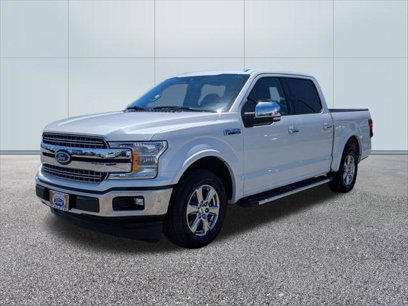 Used 2019 Ford F150 Lariat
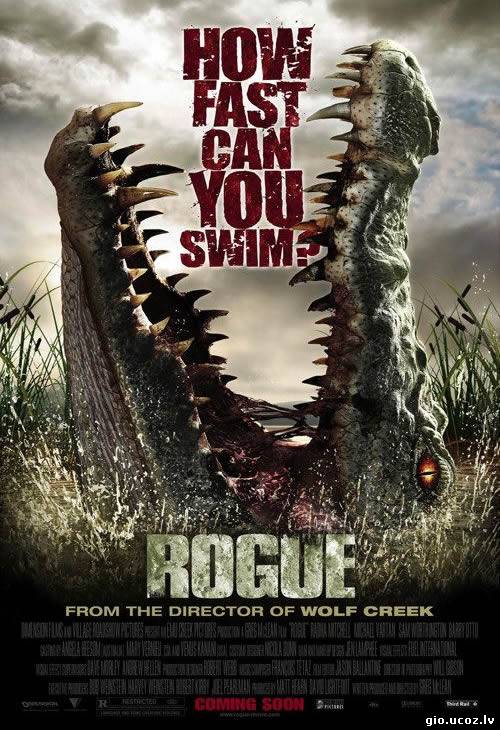 Rogue (2007) DVDRip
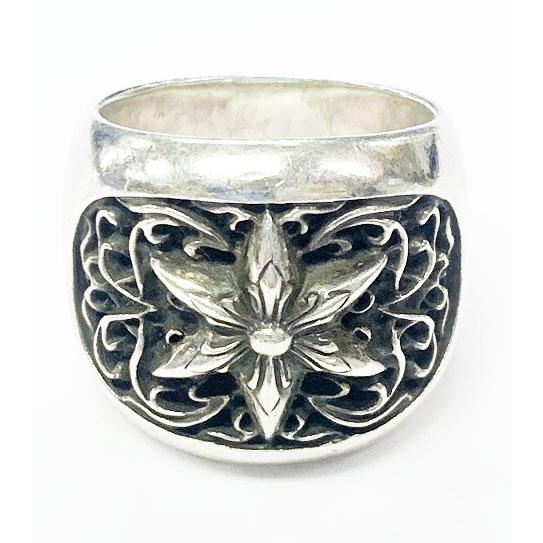 クロムハーツ CHROME HEARTS CLSSC OVAL STAR 24号 クラシック オーバ...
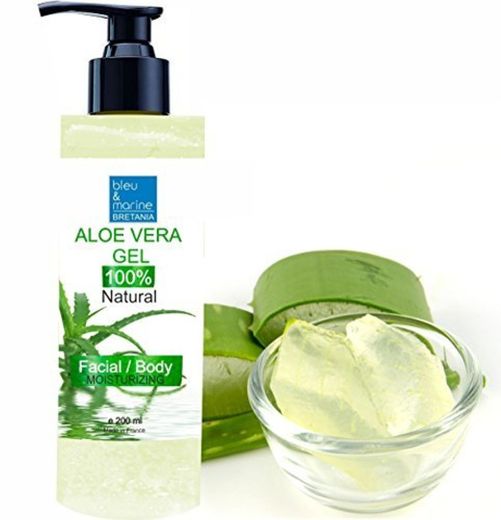 Gel de Aloe Vera 100% natural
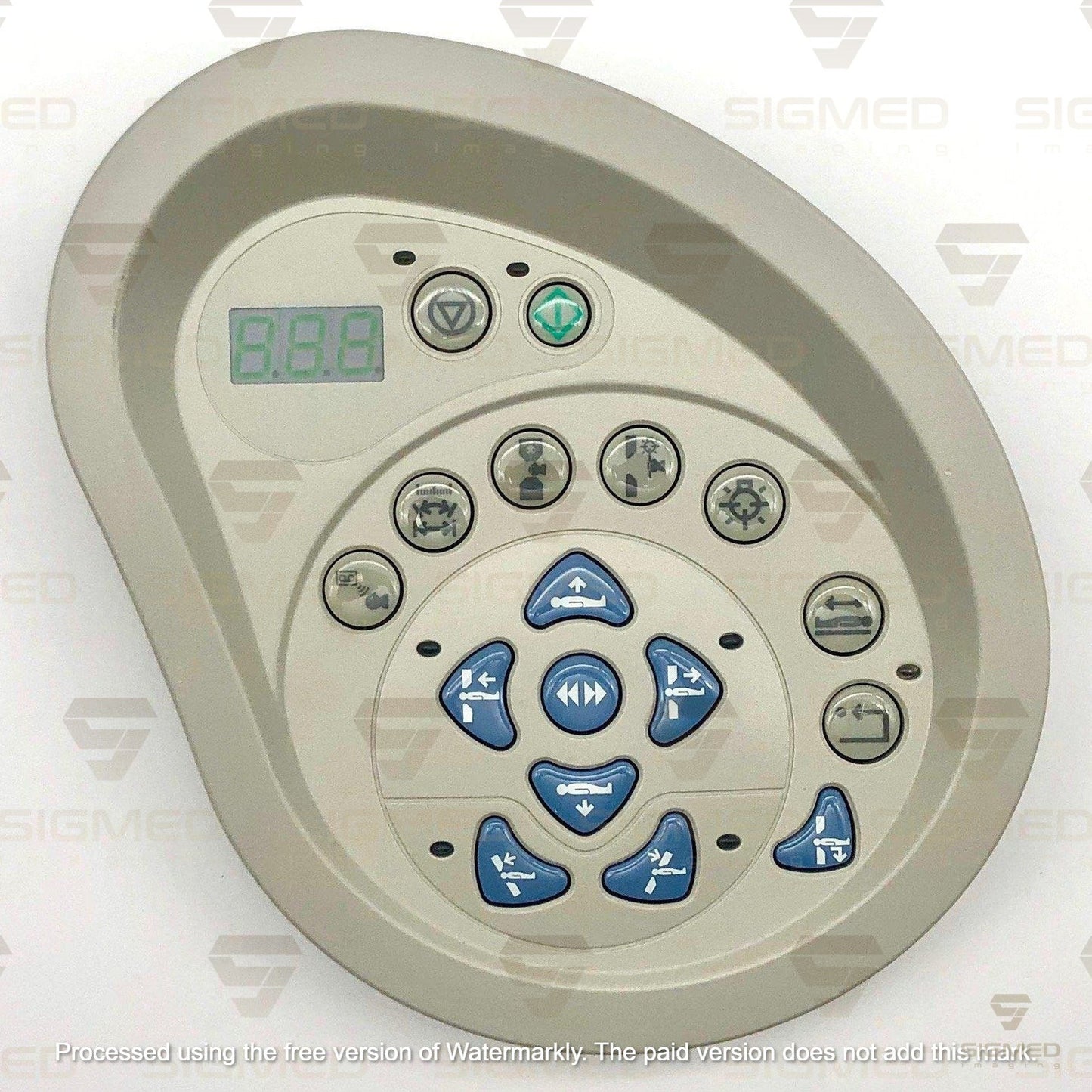 5139591 Gantry Right Control Button Panel Assembly for GE CT-GE-Sigmed Imaging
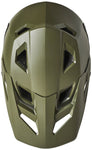 Fox Racing Rampage Full-Face Helmet - Olive Green Large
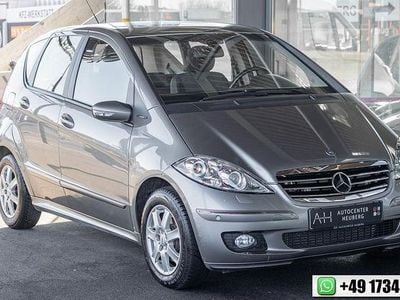 Gebraucht Mercedes A170 116 PS (85 kW) 2005 Grau Limousine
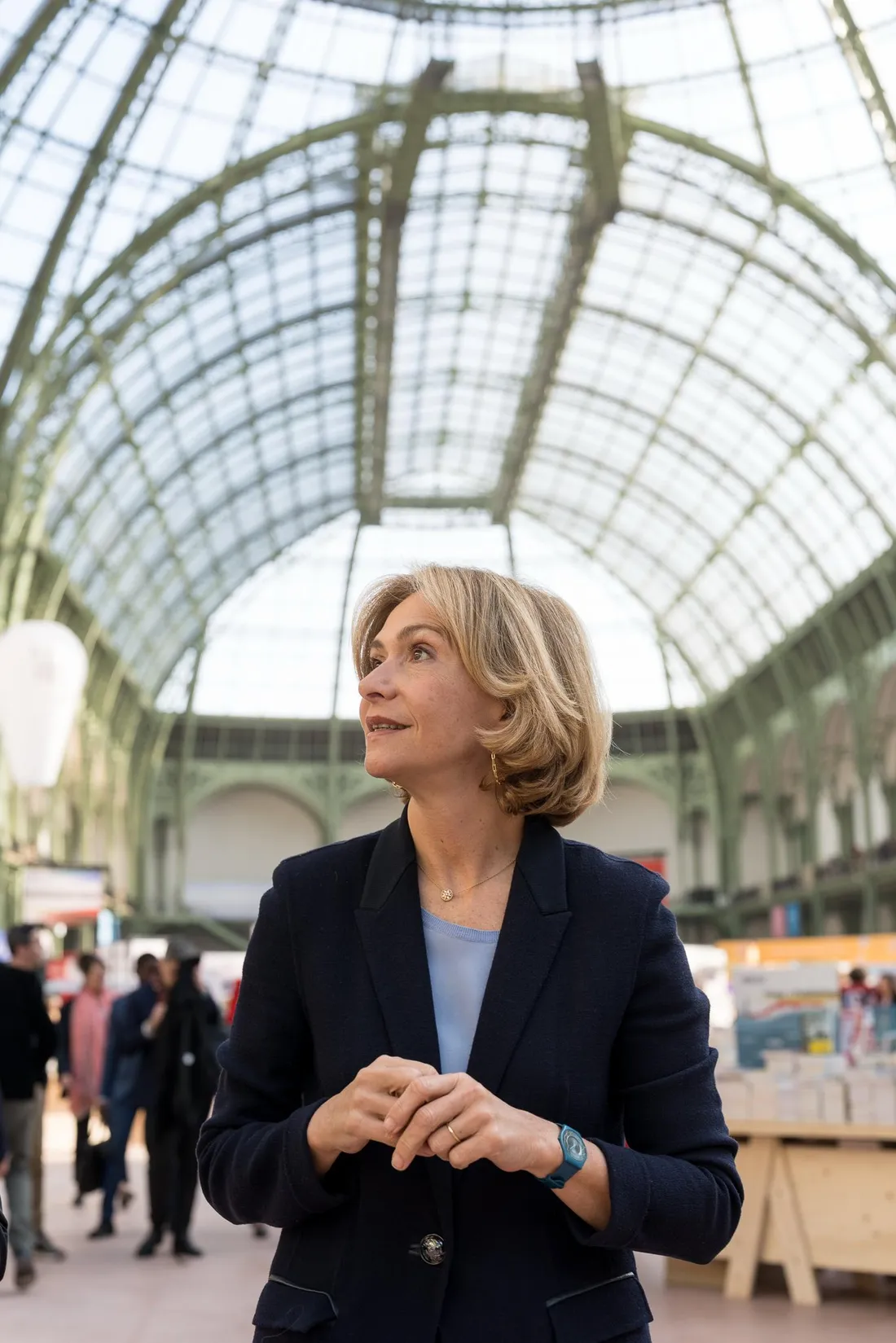 Valérie Pécresse
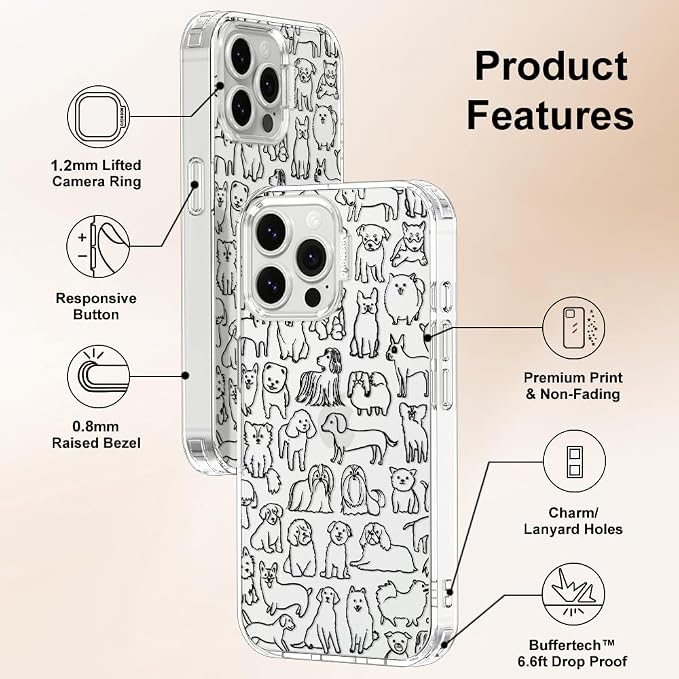 MOSNOVO Case for iPhone 13 Pro Max - Image 6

* _Prompt_: Copying starts at the line containing "Gel de Aloe Vera 100% natural" and ends at the last line of the material above; repeat only those lines exactly and omit the pictures.

* _Written reply_:
 Gel de Aloe Vera 100% natural
 5139591 Gantry Right Control Button Panel Assembly for GE CT-GE-Sigmed Imaging
 Fox Racing Rampage Full-Face Helmet - Olive Green Large
 Gebraucht Mercedes A170 116 PS (85 kW) 2005 Grau Limousine
 Valérie Pécresse
 MOSNOVO Case for iPhone 13 Pro Max - Image 6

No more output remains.